Mr. Speaker, I will use the four minutes I have left, despite the fact that I find deplorable what is happening here. Frankly, when I toured Quebec I always said that my tour was more of a social than political initiative. It was an information tour. I did not want to turn the matter into a political issue.
I understand that the member of the Canadian Alliance may feel some resentment or whatever. However, since we are dealing with an issue as important as youth, and an approach that has proven effective in Quebec, the hon. member could put aside the partisanship and arrogance he has shown all morning and deal more seriously with the bill.
I repeat what I have already said “It is not too late for the government. It is not too late”. Yesterday, I offered to go on another tour of Quebec with the minister, on a non-partisan basis and with all the necessary interpreters and personnel, and meet with the people I met and others also, because I am ready was anywhere. I am sure of what I am saying. Quebecers are unanimously saying that the federal government is on the wrong tack.
The minister refused to meet with these people. She refuses to listen to them, to go to meet them, as if she were living in a glass bubble in Ottawa, briefed only by her officials who have drafted legislation in their ivory tour, the kind of unenforceable and complex legislation that they alone can draft. The minister refuses to acknowledge that kind of reality. Maybe she cannot spare the time to go on a tour of Quebec.
That is why I am saying that it is not too late to send Bill C-7 back to the committee where it could be further reviewed, allowing Quebec and other provinces wishing to continue using an approach based on rehabilitation and reintegration rather than repression to do so.
I moved an amendment that was rejected yesterday. It was a legal and constitutional amendment examined by specialists. However the government is not listening.
It wants, at all costs, to pass legislation based on the seriousness of the offence and that consideration will influence the whole process while the existing Young Offenders Act is based on the needs of young offenders.
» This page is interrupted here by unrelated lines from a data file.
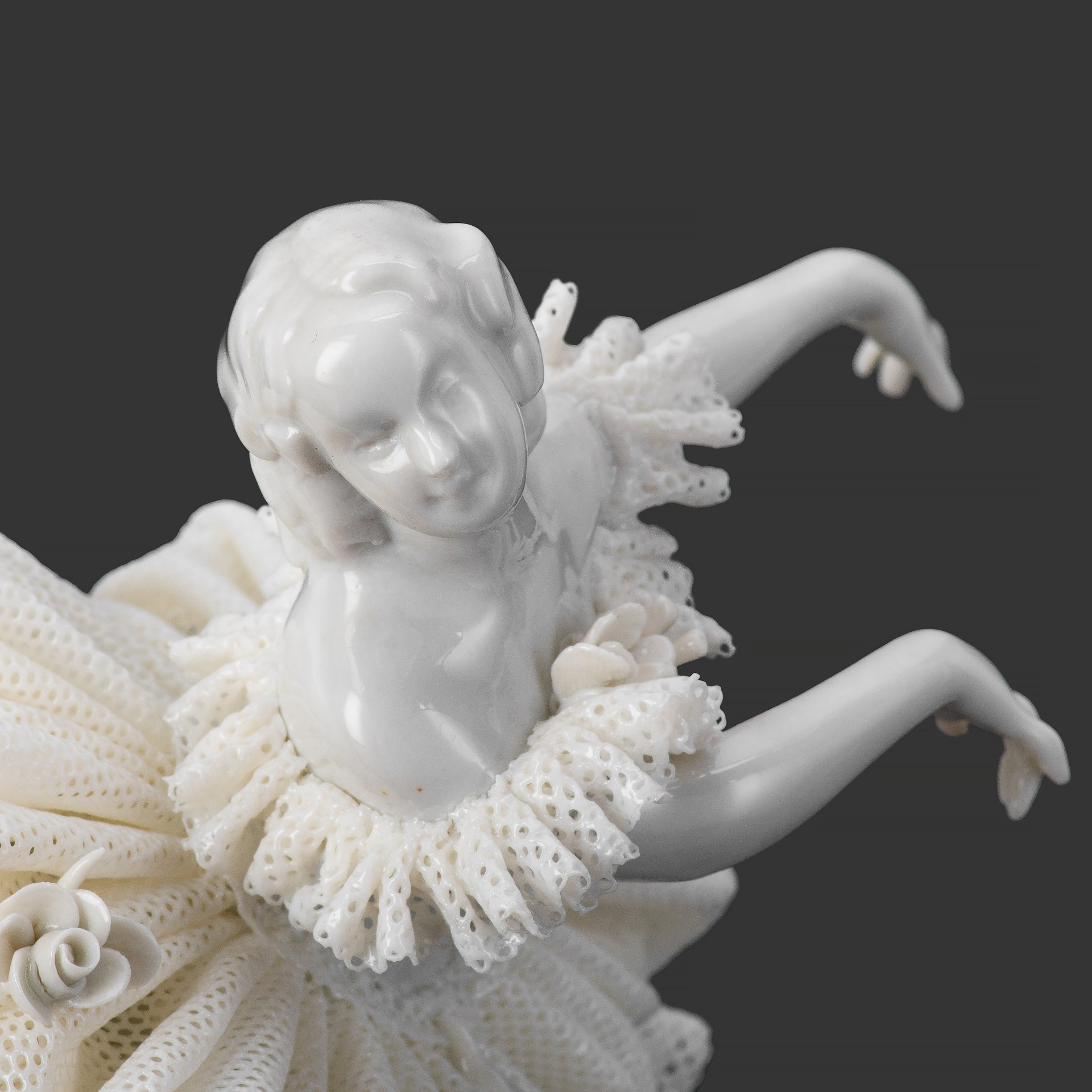 Статуэтка "Балерина" ("Танцовщица"), фарфор, кружевной фарфор, Aelteste Volkstedt, Германия, 1945-1958 гг.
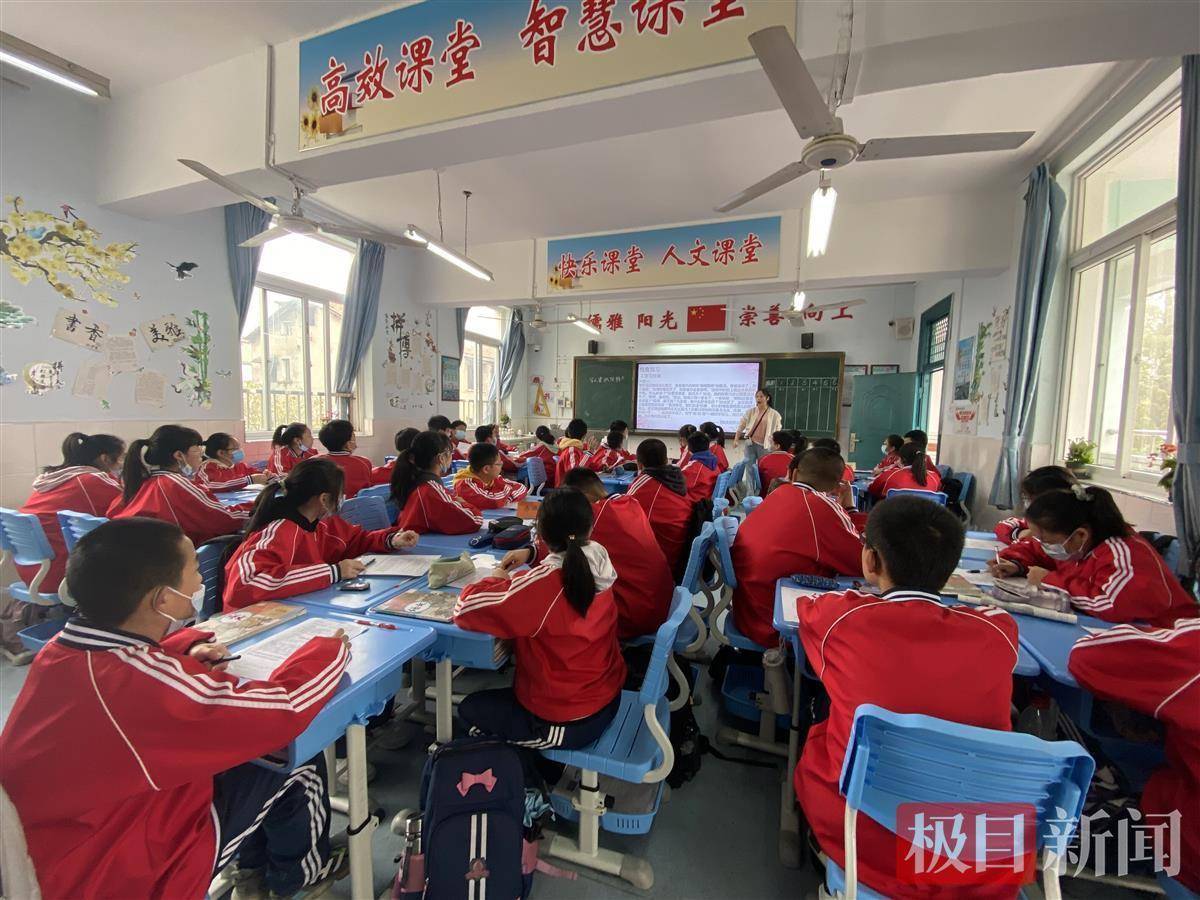 组员之间分工协作，小组间互相评议，武汉一初中小班化教学，让学生成为课堂的主角_手机搜狐网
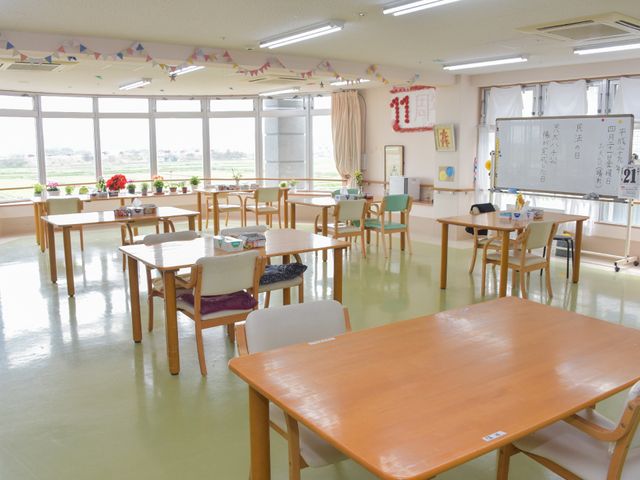 広々とした明るい食堂 共有スペース 開放感ある窓から自然光が差し込む、ゆとりのある食堂です。交流や食事のひと時を楽しむことができます。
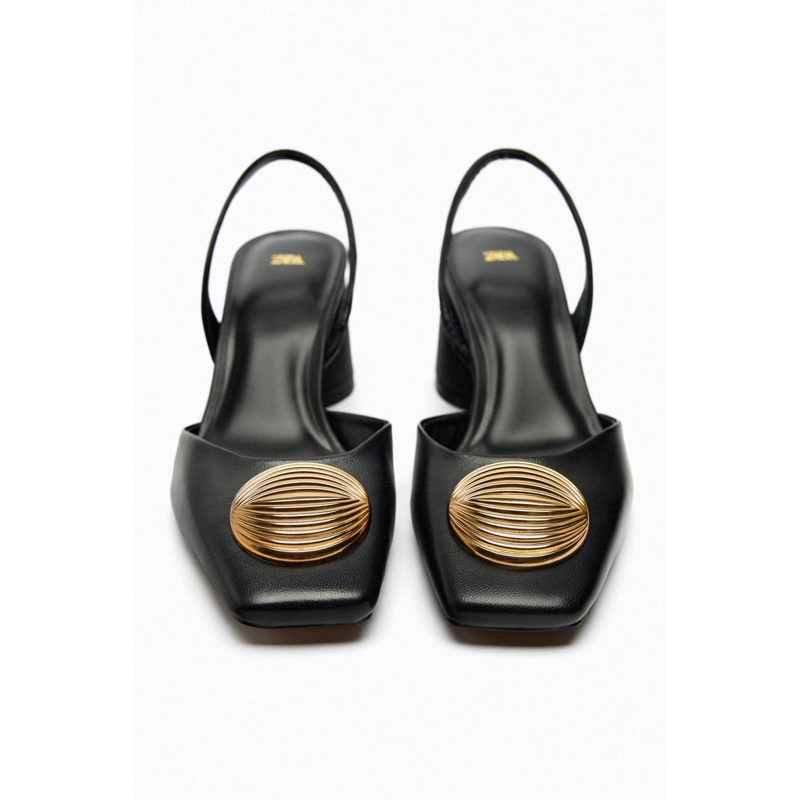 Giày sandal Z.r cao gót mũi vuông đính vàng sang chảnh đế trụ cao 6cm lạ mắt phong cách retro Pháp mới ra mắt 2023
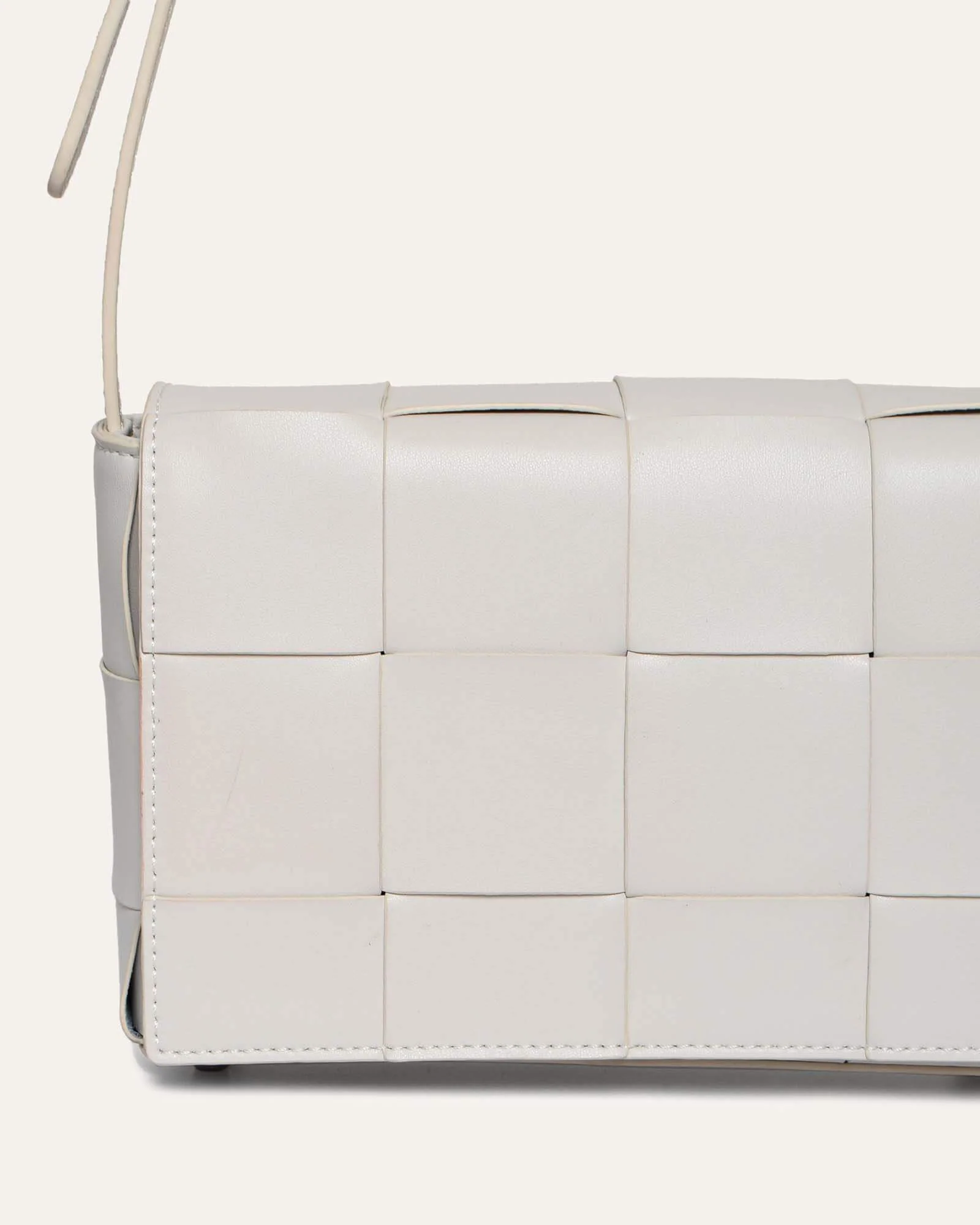 HONEY CROSS BODY BAG BONE LEATHER - Image 3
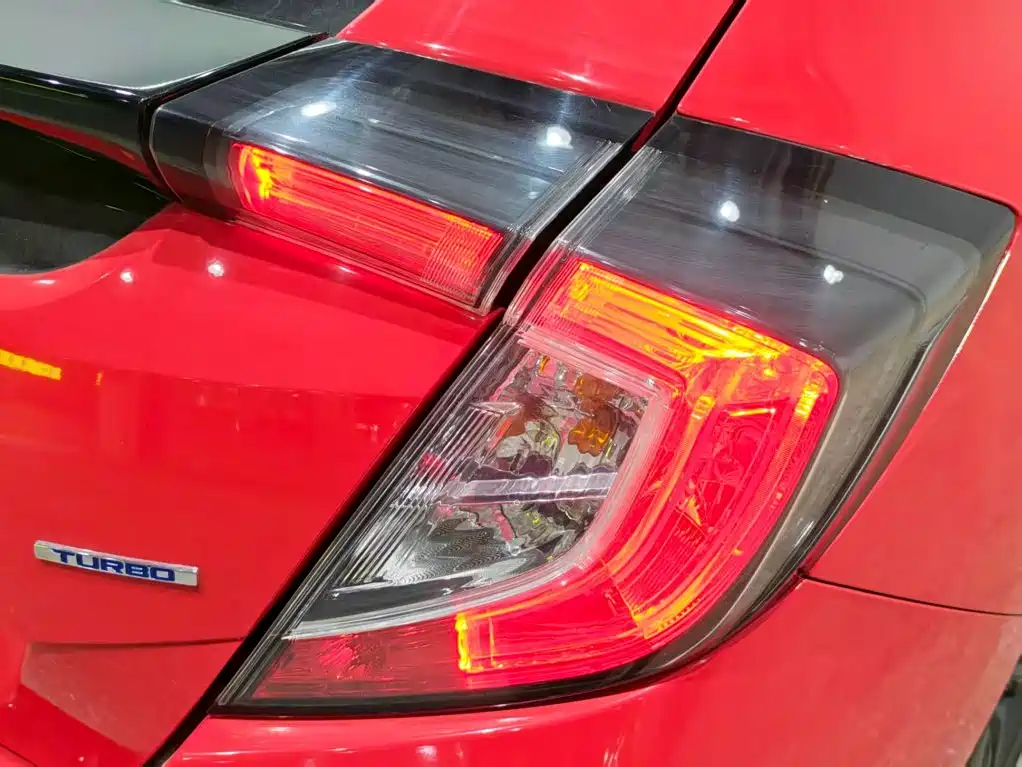 Honda Civic — миниатюра 8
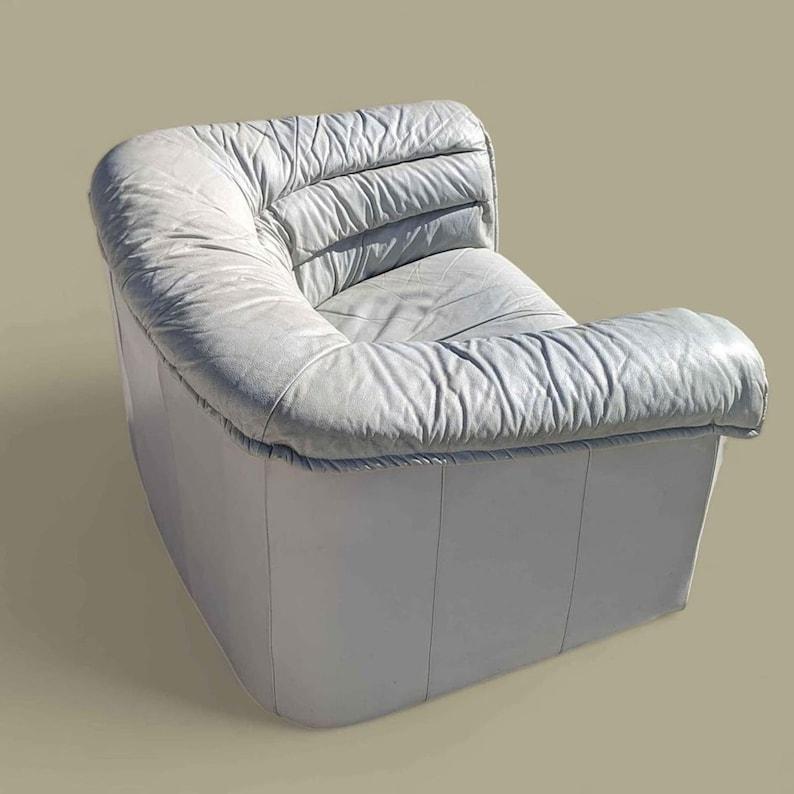 Natuzzi Leather Lounge Chair, Italian, Made in Italy, Postmodern, Light Grey For Sale 4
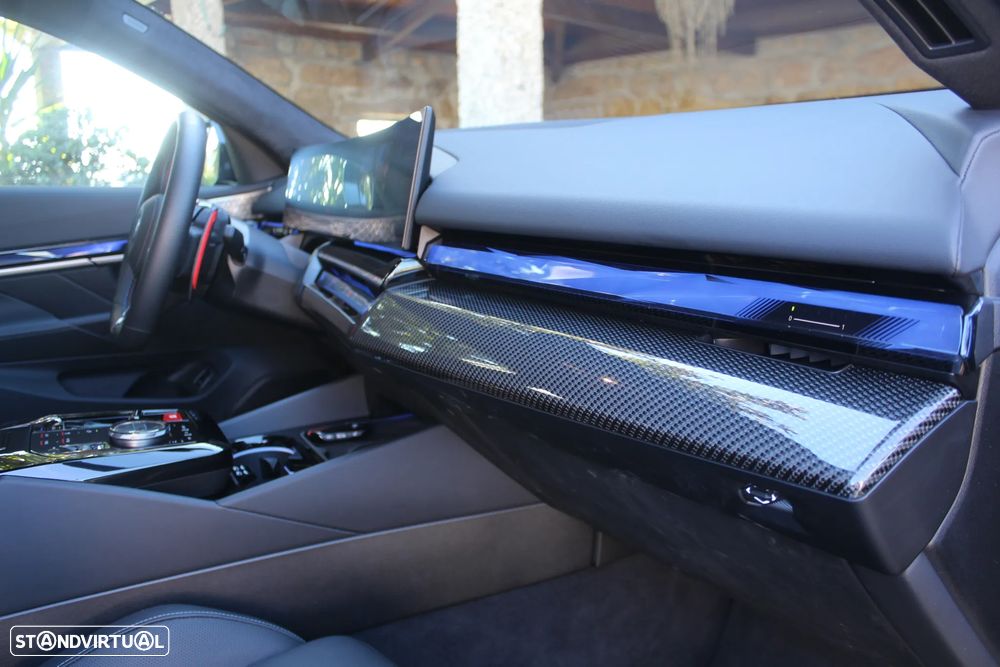 BMW M5 xDrive - 35
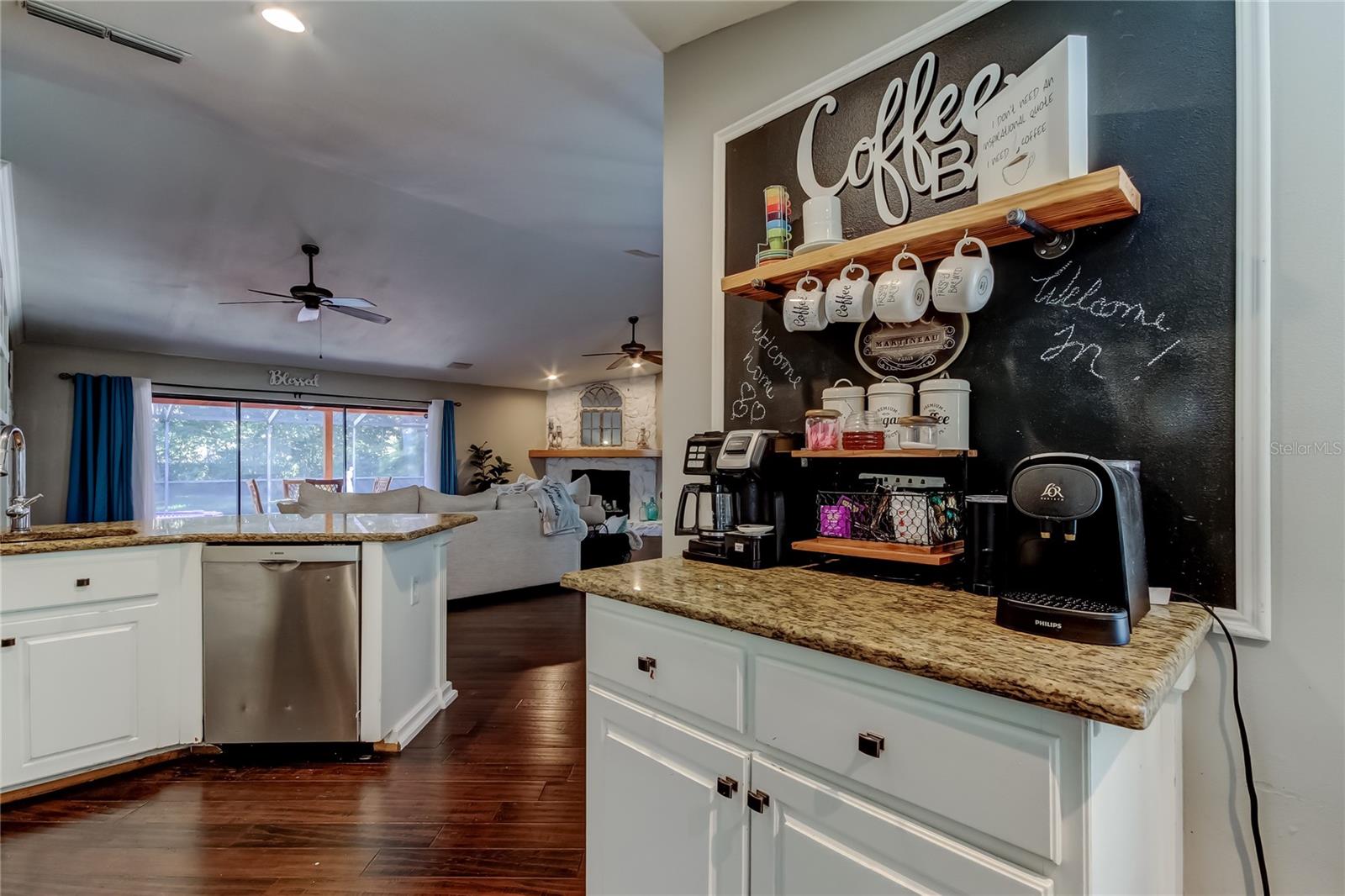 Image 21 of 82 For 2651 Concorde Court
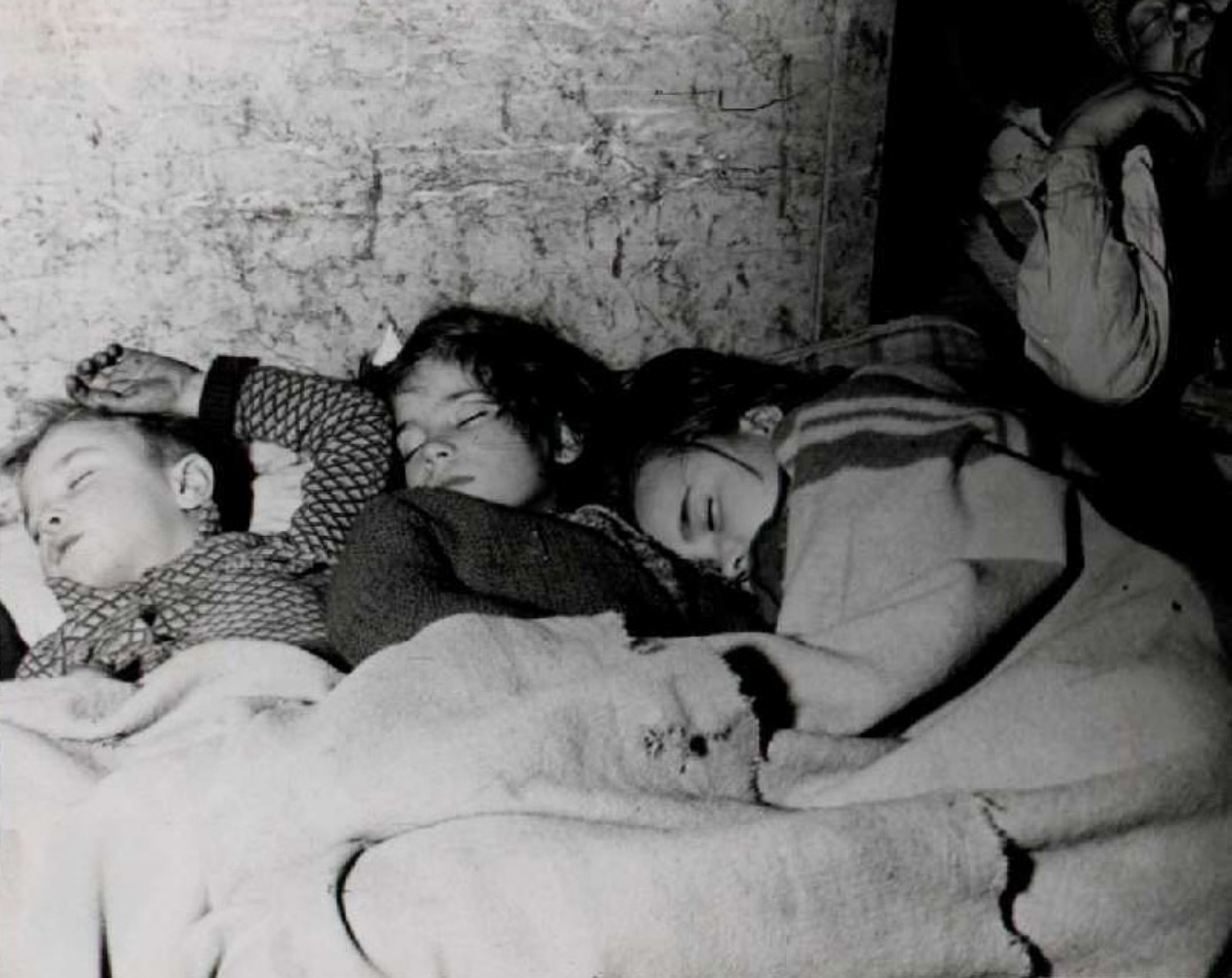 Nens dormint en un refugi antiaeri del carrer Provença de Barcelona. Font Biblioteca Nacional d'Espanya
By correctly enforcing the Young Offenders Act, we could individualize the treatment needed by each youth to become an honest citizen.
The Supreme Court of Canada took at least 15 years to interpret the act concerning the needs of young offenders and to say what it really means. How many years will it take it to interpret what the legislator meant when he said that the seriousness of the offence must take precedence over the sentence, the treatment and the process? How long will it take the Supreme Court of Canada to determine the issue of the day to day application of the act? There is a series of automatic processes.
Today, with the bill the government wants to impose on Quebec, judges will use a grid to assess a case and simply put a checkmark depending on the severity of the offence, without being able to take the kind of action they would like to take. That is the difference between the two.
During my tour I met Quebecers who dealt with victims of crimes, including people from CAVAC. They shared the same opinion as everyone else. They were against the approach chosen by the Minister of Justice in Bill C-7. I would have like the minister to have heard that.
I also met fathers and mothers who told me that I was not making the point clearly enough that the Young Offenders Act gave them the tools they needed to help their children get back on the right track.
Youth crime does not affect only those families where children are neglected by the parents. If there is one thing that is true about youth crime, it is the fact that it affects families indiscriminately, whether the parents' wallets are full or empty. Youth crime can affect rich families as well as poor and needy families.
People asked me to stress the fact that the Young Offenders Act gave them the tools they needed, which they will no longer have once Bill C-7 has been passed. Everything will be based on mechanisms. Certain decisions that parents can make now will be left to the system. This bill will take all responsibility away from the parents. It will destroy the balance reached in Quebec over a period of more than 20 years between the needs of the young offender, his or her accountability, society's intervention and the measure.
Over the years, a balance has been reached, and everyone agrees that this bill will hurt that balance. I urge, and this will conclude my speech, both the Prime Minister, who is from Quebec, and the Minister of Justice, who is responsible for the bill, not to go ahead with this piece of legislation. I urge them to send this bill back to committee to allow us to work on it some more so we can find a compromise for all the provinces, but most of all so Quebec can continue to use its approach, which has been proven effective.